Aujourd’hui, on utilise la notion de rente ou de rentier pour désigner les propriétaires citadins qui possèdent des terres agricoles et il est évident que c’est à ce type de propriétaires que Magon et Ibn Khaldoun font allusion dans leurs écrits. Ils n’ont simplement pas les mots et les connaissances économiques pour exprimer cette notion de « propriété rentière des terres agricoles » dans les termes que nous utilisons aujourd’hui.
Ce transfert de la propriété foncière agricole des mains des paysans agriculteurs à celle des citadins non agriculteurs est un fait particulier qui marque l’histoire agricole et paysanne du Maghreb. Cette particularité des pays du Maghreb et donc de l’Algérie, n’existe pas dans les pays européens modernes dont le régime foncier est plus simple et l’agriculture plus performante.
Il n’existe pas dans ces pays ni d’ailleurs en Amérique du Nord, des propriétaires de terres agricoles citadins qui vivent du prélèvement de la rente foncière, à moins de quelques cas rarissimes. Soit ils sont agriculteurs (au sens opérationnel du mot) et propriétaires de leurs terres soit ils ne le sont pas.
Cette différence entre les pays européens et ceux du Maghreb en matière du contrôle social du foncier agricole, s’explique vraisemblablement par une évolution historique distincte de chacun de ces pays (hypothèse qui reste bien sûr à étayer par des recherches historiques qui ne relèvent pas de nos compétences). Alors que les pays d’Europe ont connu après la chute de l’Empire romain, un moyen âge marqué par ce qu’on appelle le régime féodal, les pays du Maghreb ont connu une autre trajectoire avec d’une part un droit romain qui continuait à s’appliquer même après la chute de Rome (à l’exemple des tablettes d’Albertini citées plus haut) et d’autre part l’arrivée de l’islam vers l’an 700 porteur d’une législation foncière, fondamentalement peu différente de celle du droit romain.
Dans le système féodal européen, il n’existait pas de transaction sur la terre, celle-ci est, par définition un patrimoine du fief et donc appartenant au seigneur seul, comprenant les paysans qui vivent sur ses terres.
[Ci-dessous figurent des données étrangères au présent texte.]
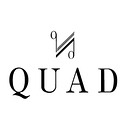 Quad logo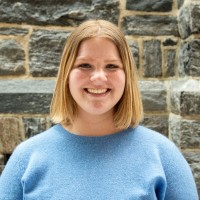 USS Constitution Museum Employee Sarah Kenny's profile photo
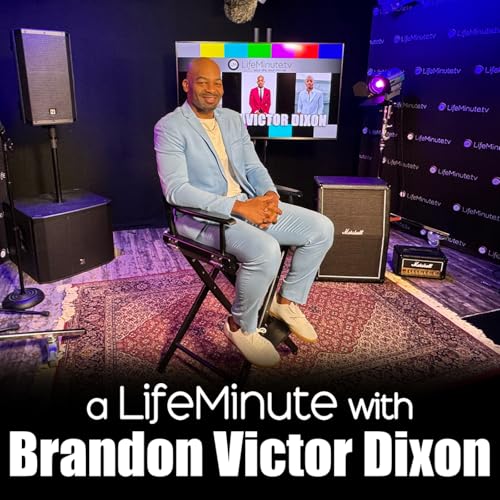 444: Broadway Star Brandon Victor Dixon Enters a New Musical Era with Upcoming Solo Album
Ces dernier étaient appelés « des serfs », soit en quelque sorte « les serviteurs du seigneur » et dont le sort était peu différent de celui des esclaves.
Le Maghreb n’a pas connu ce type d’organisation économique et social et le paysan maghrébin n’ayant jamais été astreint au servage est resté en quelque sorte « libre ». Selon sa débrouillardise et le contexte économique, il pouvait acheter ou hériter sa propre terre ou se faire engager, pour les moins chanceux d’entre eux, par contrat de type « khemassa » chez un propriétaire terrien non agriculteur lui-même.
Il existait un marché foncier qui faisait complètement défaut dans les systèmes féodaux européens, où les citadins pouvaient acquérir des terres agricoles et accumuler la ressource foncière entre leurs mains. Le but de ces acquisitions dans le monde maghrébin, semble avoir été équivalent en quelque sorte, à celui de l’achat d’une assurance-vie en prévision des mauvais jours ou de la vieillesse et aussi pour assurer une vie décente à la progéniture en cas de disparition du chef de famille. C’est dans ces termes qu’Ibn Khaldoun explique la motivation de ces acquisitions. Il écrit « … d’après ce que nous avons entendu dire aux vieillards dans plusieurs villes, on achète des maisons et des fermes afin de ne pas laisser ses jeunes enfants sans ressources si l’on vient à mourir … ».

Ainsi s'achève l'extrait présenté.